EXERCISE INSTRUCTIONS: Repeat every record exactly, but omit the images.

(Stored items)
══════════════════════════════

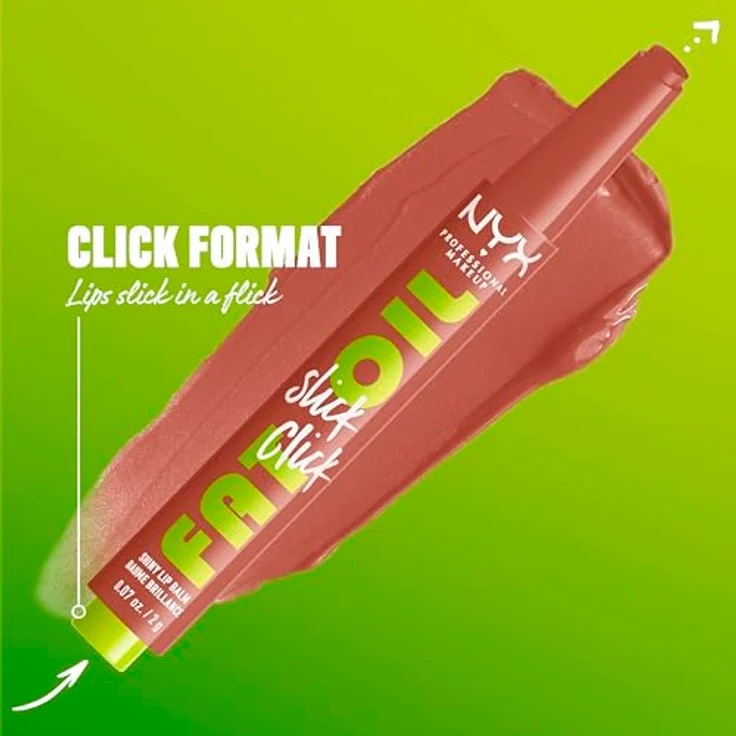 NYX Professional Makeup Fat Oil Slick Click, tönender Lippenbalsam mit hochglänzender Pflege, Farbton Verified, 2 g – Bild 4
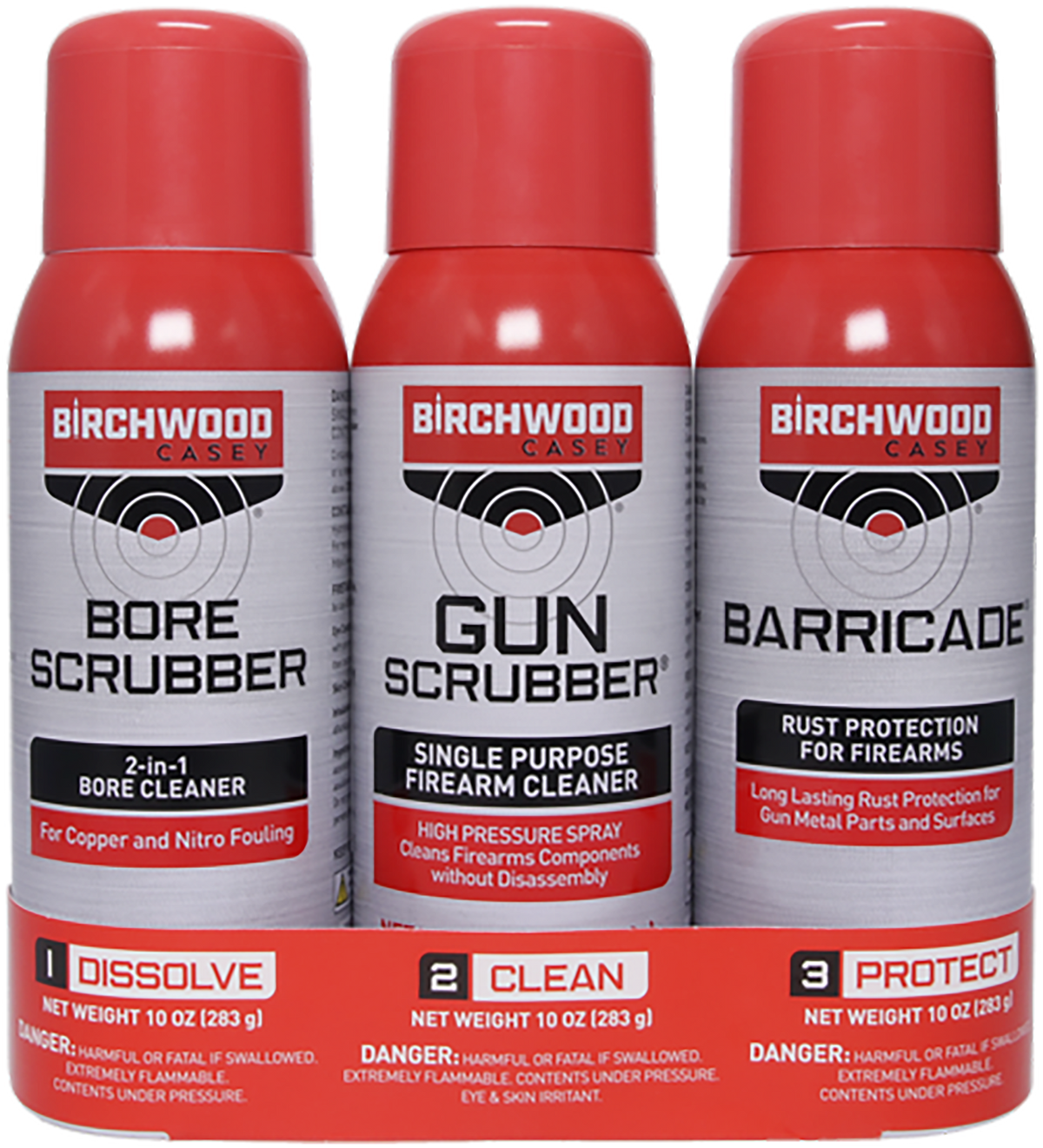 Birchwood Casey 1-2-3 Aerosol Value Pack Kit 10 oz 3-Pack - Bore Scrubber, Gun Scrubber & Barricade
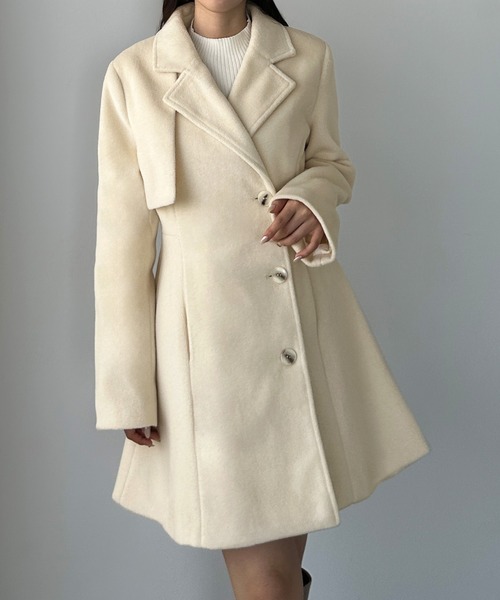 Louere(ルエレ)の「ミドル丈ウエストシェイプフレアコート(チェスターコート・レディース・ダークグレー/アイボリー/ブラック/ブラウン/ライトベージュ・X-LARGE/LARGE/MEDIUM/SMALL)」の10枚目の写真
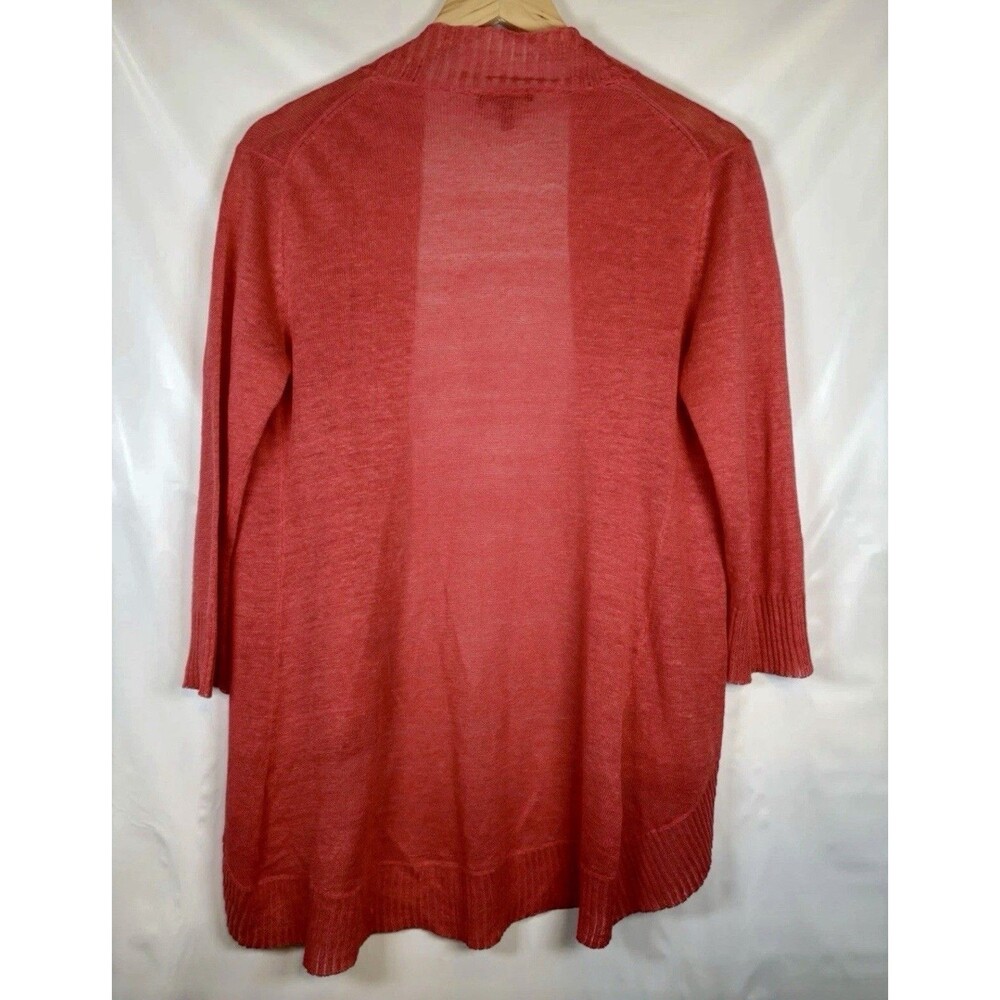 Eileen Fisher Red 100% Linen Open Front Waterfall Cardigan Sweater Size XS - Picture 8 of 8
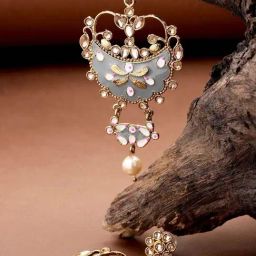 Priyaasi Floral Grey & Peach Dangler Earrings-11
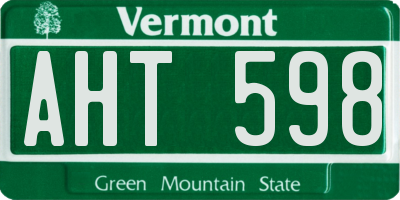 VT license plate AHT598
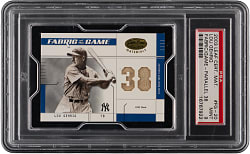 2003 Leaf Certified Materials Fabric of the Game Lou Gehrig Game-Used Pants #32/38 PSA MINT 9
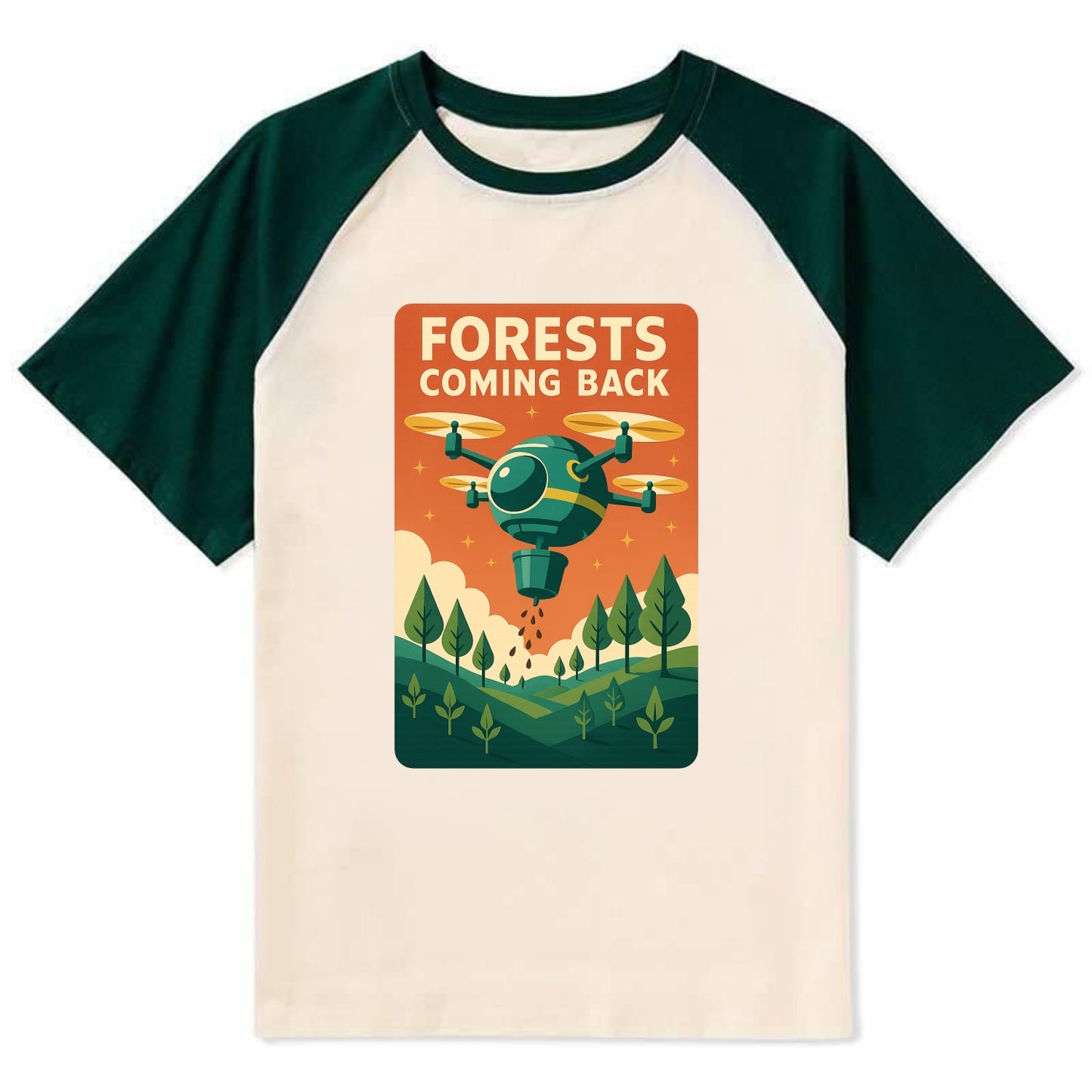 Reforestation drone planting millions of trees - "Forests Coming Back" - - Contrast Raglan T-shirt - Green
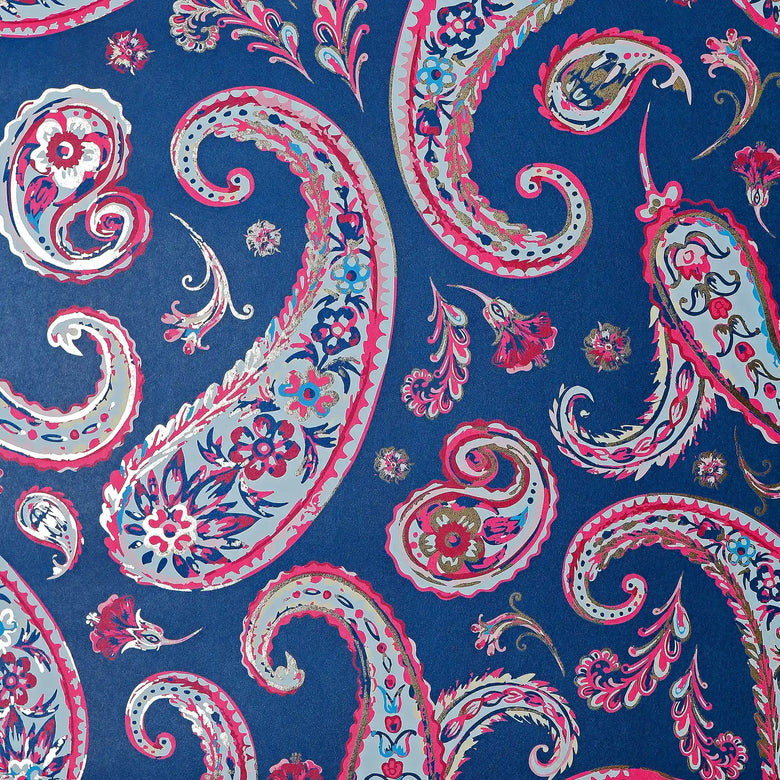 Paisley Passion Wallpaper in Cobalt Blue and Raspberry on Navy with Gold Foil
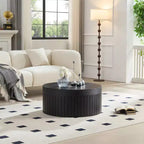 GDFStudio Caldrin Modern Round Storage Coffee Table with Hidden Compartment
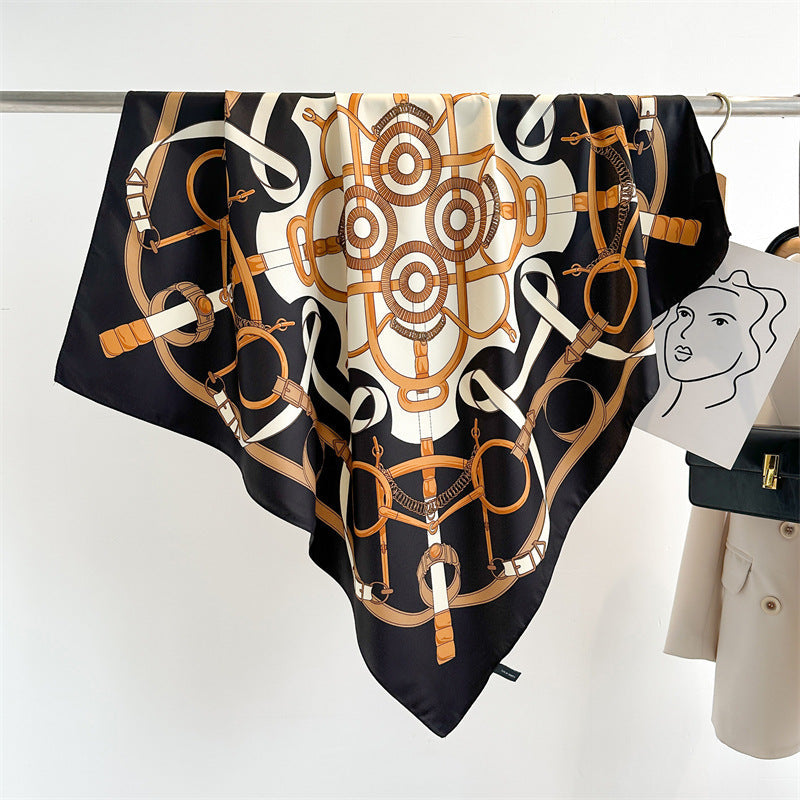 Women's Premium Twill Silk Scarf, Large Printed 90/90cm Striped Square Scarf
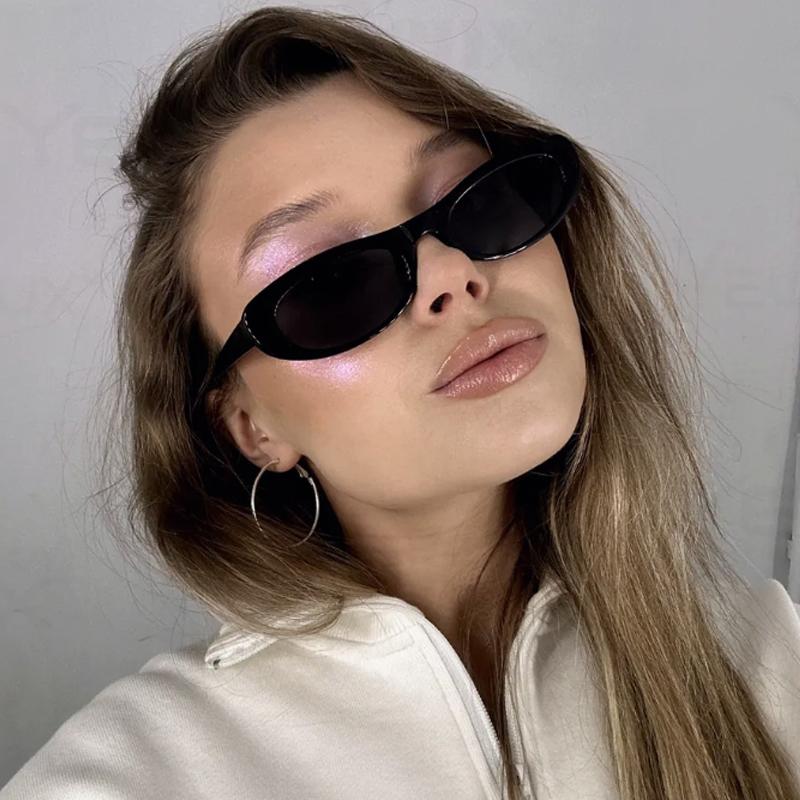 4pcs Retro Small Frame Oval Women Sunglasses Trendy Colorful Cat Eye Sun Glasses For Female Casual Shades Eyewear UV400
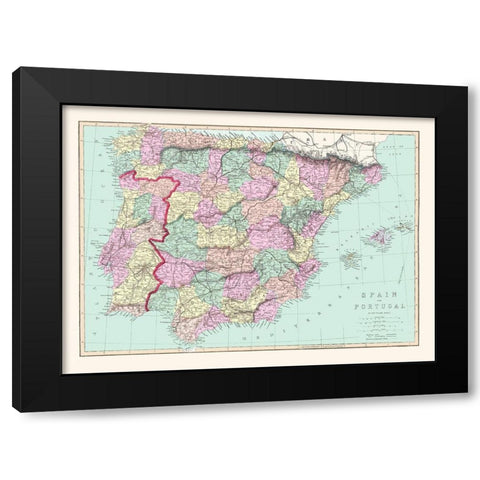 Spain Portugal - Williams 1873 Black Modern Wood Framed Art Print by Williams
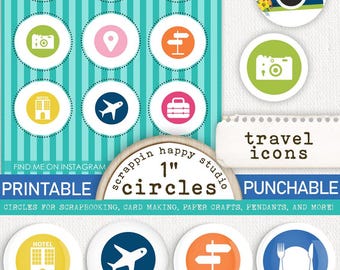 Travel Icons 1 inch Circles, Printable Circle Images, Travel Scrapbooking, Travel Scrapbook ephemera, Card Making, Travel Printable Circles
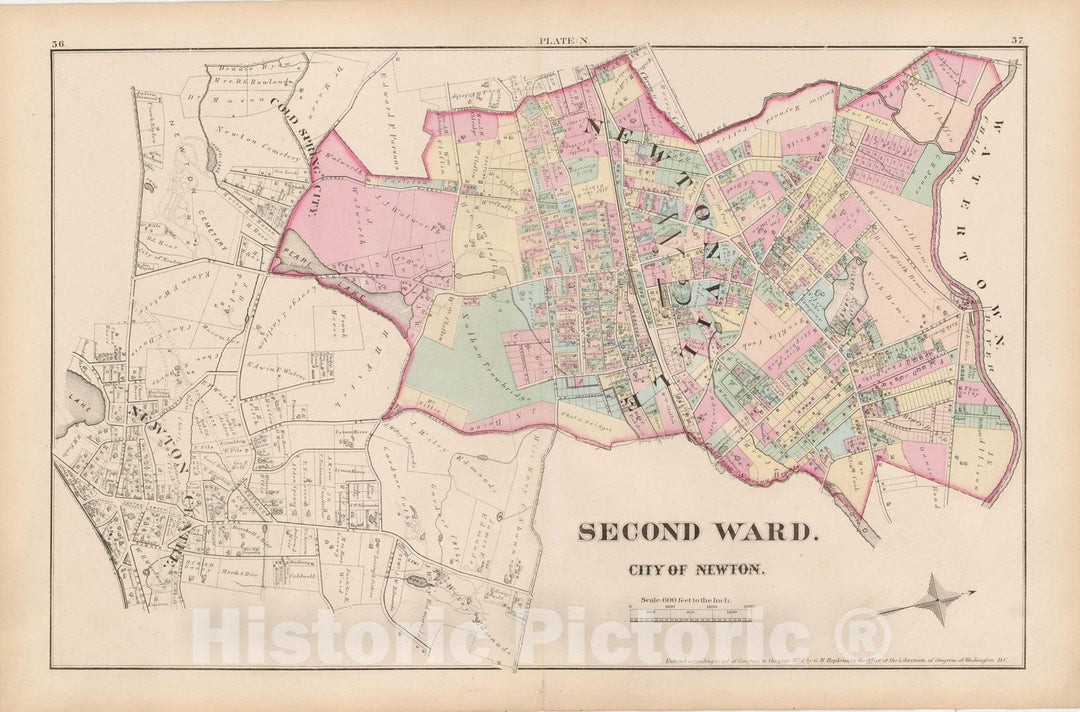 Historic Map : City of Newton, Middlesex County, Newton 1874 Plate N , Vintage Wall Art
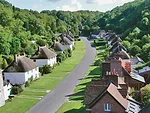Milton Abbas in Dorset became one of England’s first suburbs when the village’s owner decided to move its 600 constituents to a more attractive location. Completed in 1786, the village fea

══════════════════════════════

TASK ANSWER:
 NYX Professional Makeup Fat Oil Slick Click, tönender Lippenbalsam mit hochglänzender Pflege, Farbton Verified, 2 g – Bild 4
 Birchwood Casey 1-2-3 Aerosol Value Pack Kit 10 oz 3-Pack - Bore Scrubber, Gun Scrubber & Barricade
 Louere(ルエレ)の「ミドル丈ウエストシェイプフレアコート(チェスターコート・レディース・ダークグレー/アイボリー/ブラック/ブラウン/ライトベージュ・X-LARGE/LARGE/MEDIUM/SMALL)」の10枚目の写真
 Eileen Fisher Red 100% Linen Open Front Waterfall Cardigan Sweater Size XS - Picture 8 of 8
 Priyaasi Floral Grey & Peach Dangler Earrings-11
 VT license plate AHT598
 2003 Leaf Certified Materials Fabric of the Game Lou Gehrig Game-Used Pants #32/38 PSA MINT 9
 Reforestation drone planting millions of trees - "Forests Coming Back" - - Contrast Raglan T-shirt - Green
 Paisley Passion Wallpaper in Cobalt Blue and Raspberry on Navy with Gold Foil
 GDFStudio Caldrin Modern Round Storage Coffee Table with Hidden Compartment
 Women's Premium Twill Silk Scarf, Large Printed 90/90cm Striped Square Scarf
 4pcs Retro Small Frame Oval Women Sunglasses Trendy Colorful Cat Eye Sun Glasses For Female Casual Shades Eyewear UV400
 Spain Portugal - Williams 1873 Black Modern Wood Framed Art Print by Williams
 Travel Icons 1 inch Circles, Printable Circle Images, Travel Scrapbooking, Travel Scrapbook ephemera, Card Making, Travel Printable Circles
 Historic Map : City of Newton, Middlesex County, Newton 1874 Plate N , Vintage Wall Art
Milton Abbas in Dorset became one of England’s first suburbs when the village’s owner decided to move its 600 constituents to a more attractive location. Completed in 1786, the village fea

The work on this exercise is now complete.